• _TRY IT_:
Beginning with the line that contains "Vivienne Westwood New" and ending with the last line of the records, write out each line exactly and omit the pictures.

*** DATA SECTION Section Begins ***

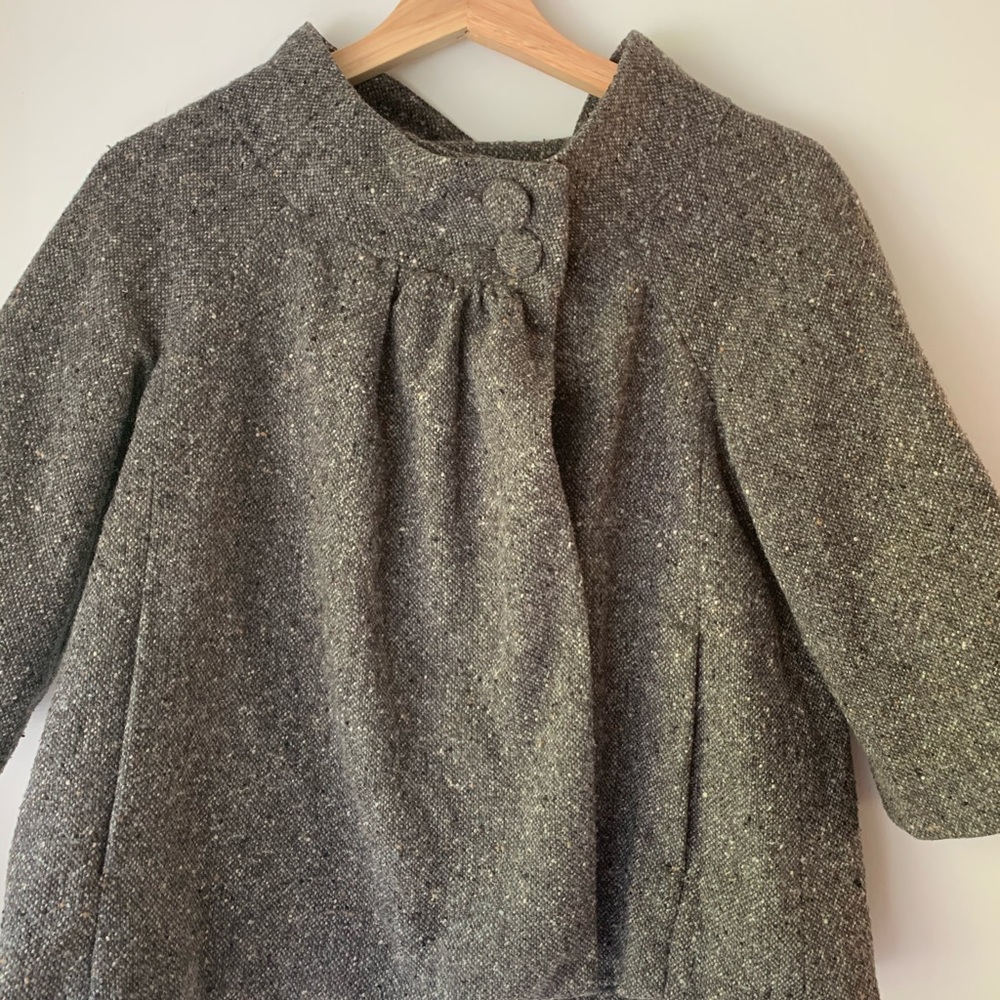 Old navy tweed jacket.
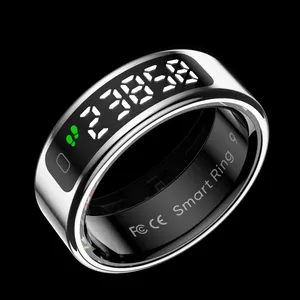 حلقه هوشمند اسمارت رینگ مدل SR08W رنگ استیل براق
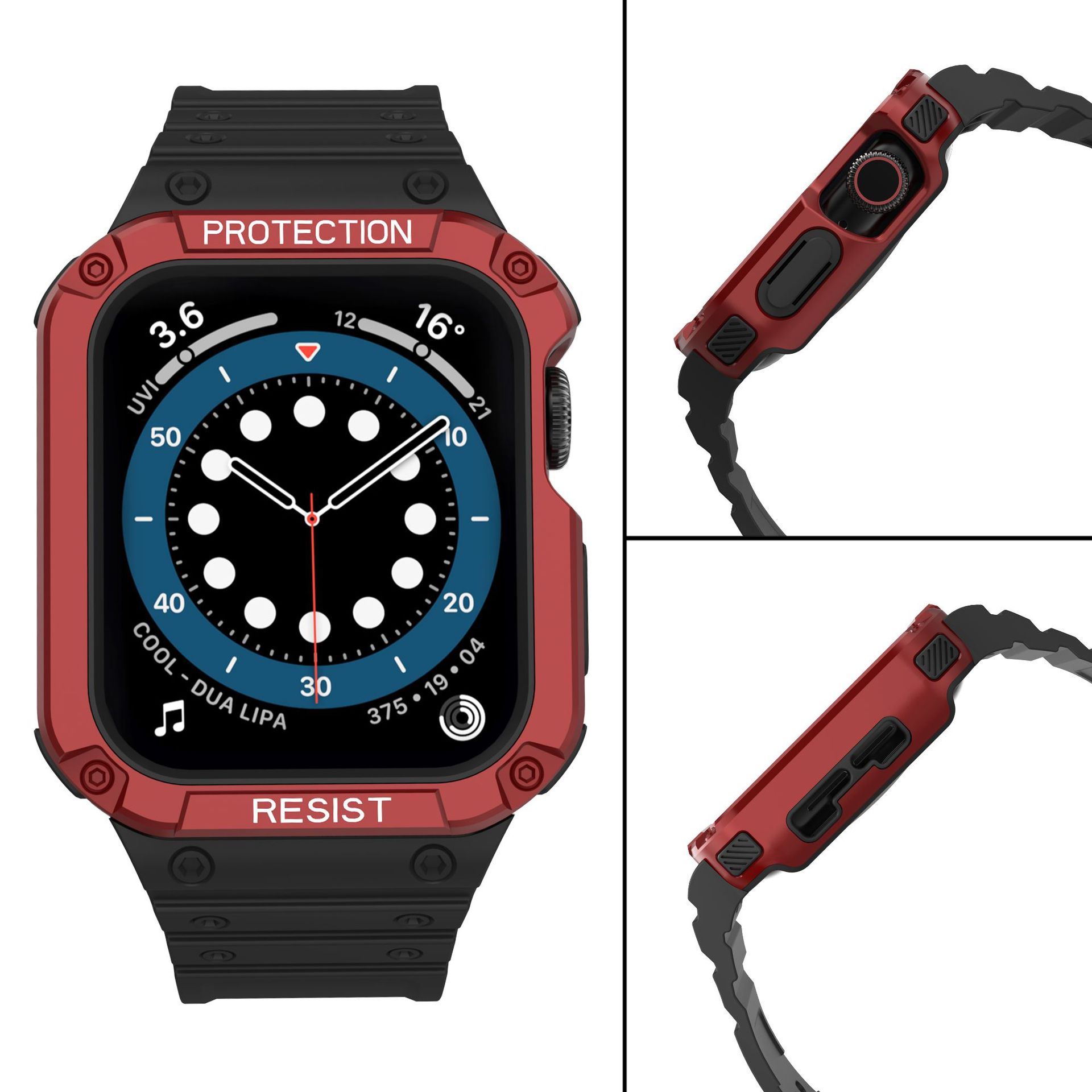 Ốp Case bảo vệ tích hợp dây đeo cho Apple Watch Series 4/5/6/SE/7/8/9/SE2 Size 40mm/41mm/44mm/45mm - Hàng Chính Hãng
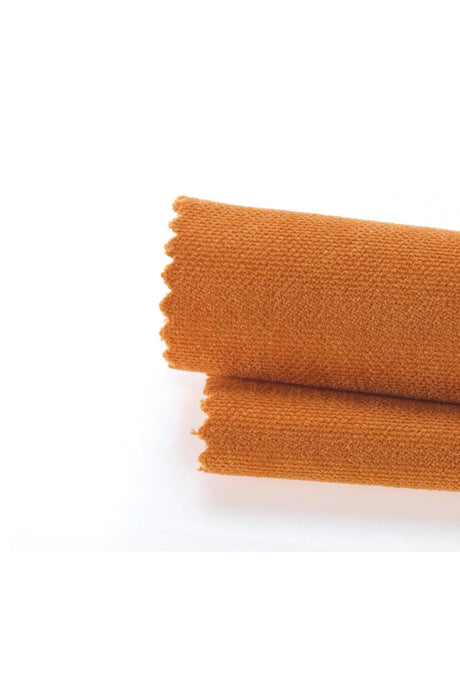 Velvet Textured Orange Color Table Cloth - Swordslife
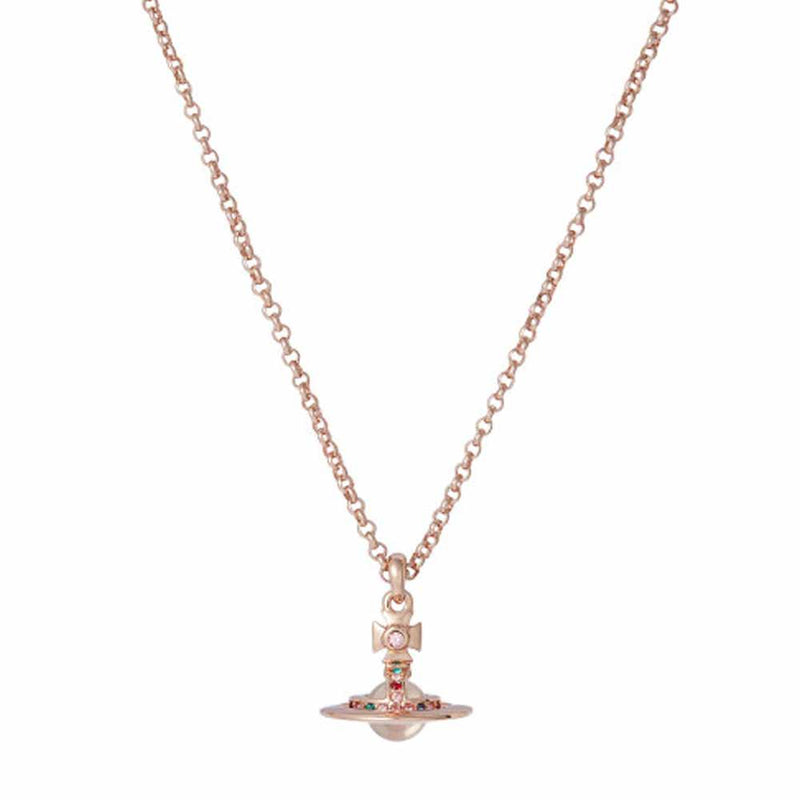 Vivienne Westwood New Petite Orb Pendant, Rose Gold Plated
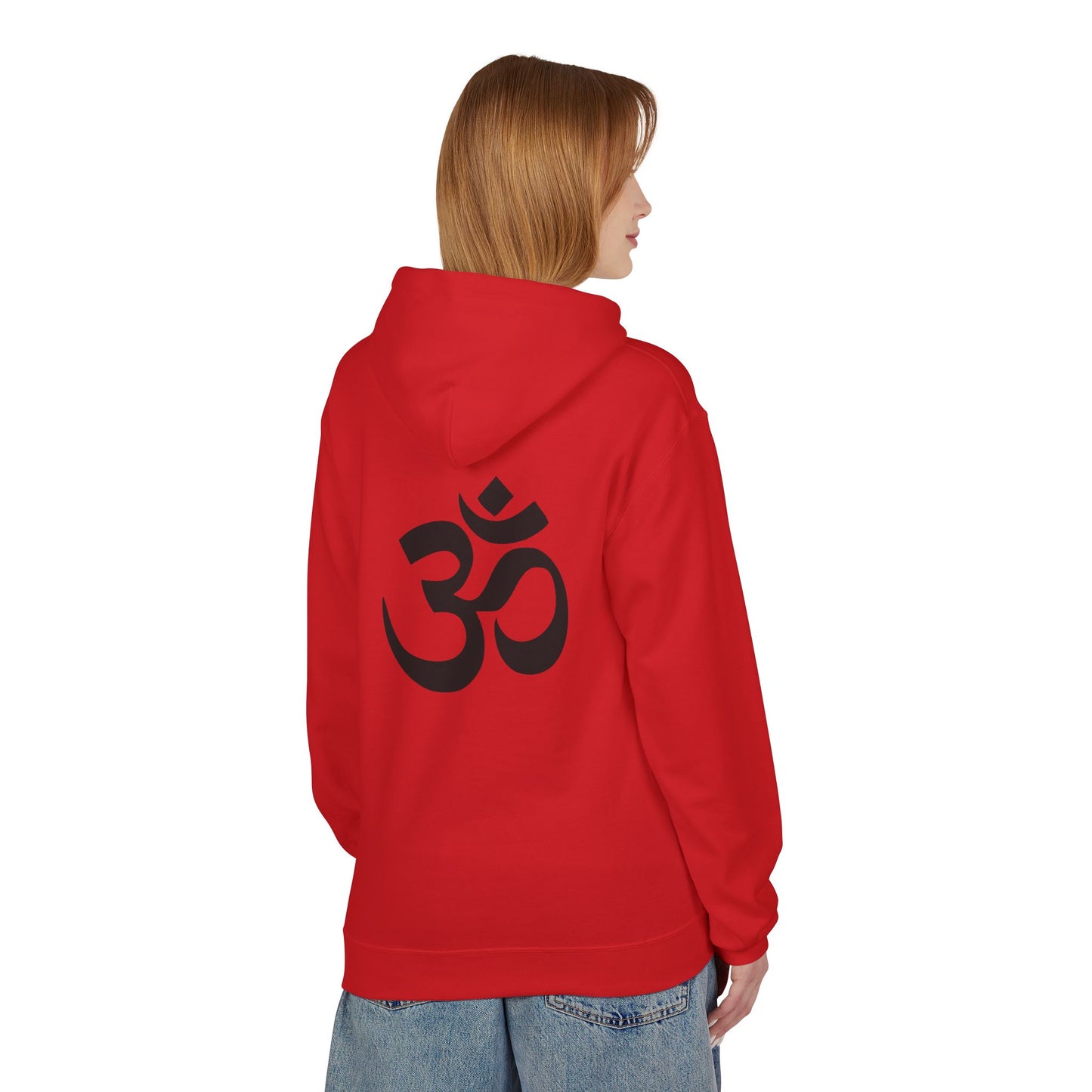 Peace/Om Unisex Midweight Softstyle Fleece Hoodie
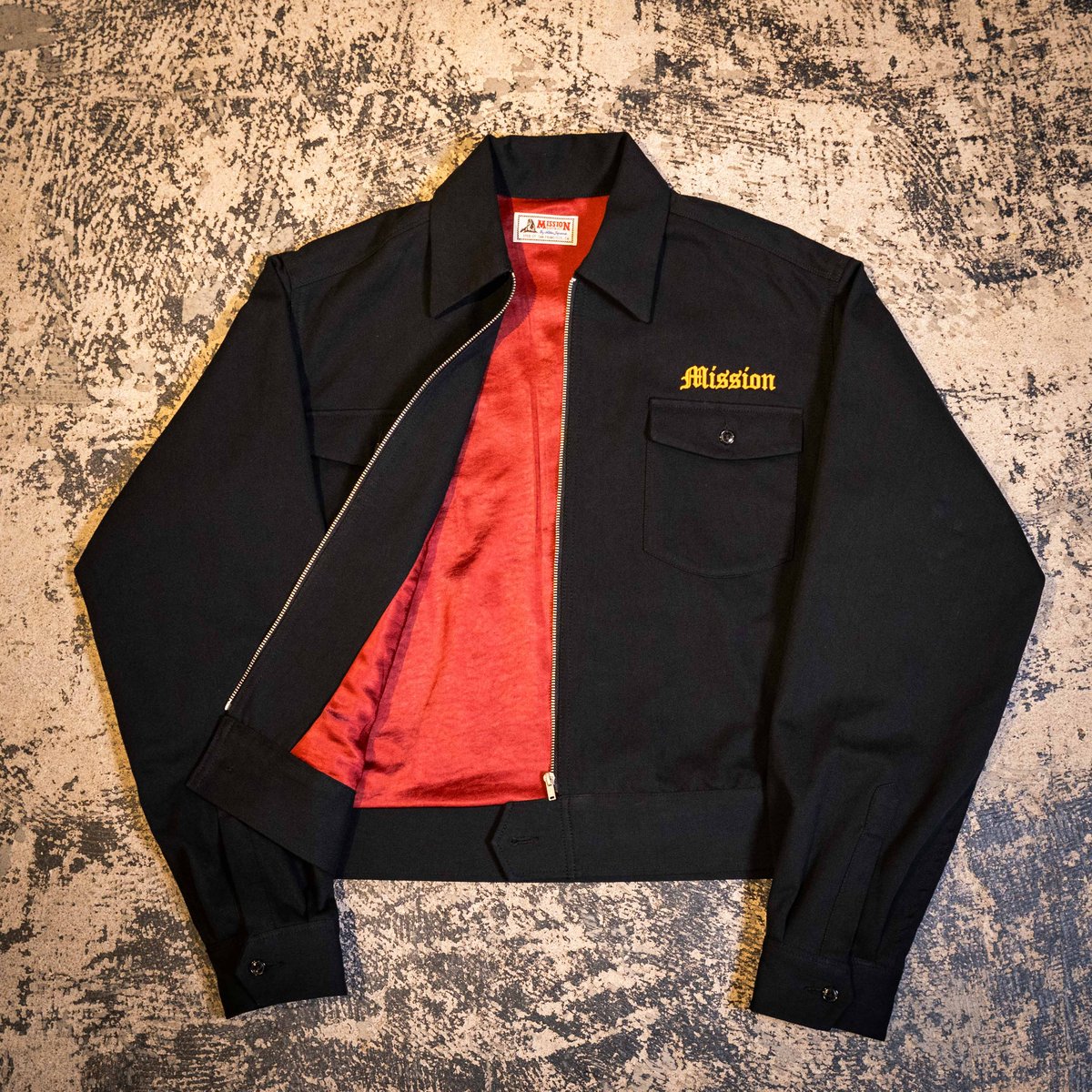 Black】MISSION DIST. WOLFPACK JACKET | NATIVE J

*** DATA SECTION Section Ends ***

• _ANSWER TO THIS TASK_:
 Vivienne Westwood New Petite Orb Pendant, Rose Gold Plated
 Peace/Om Unisex Midweight Softstyle Fleece Hoodie
 Black】MISSION DIST. WOLFPACK JACKET | NATIVE J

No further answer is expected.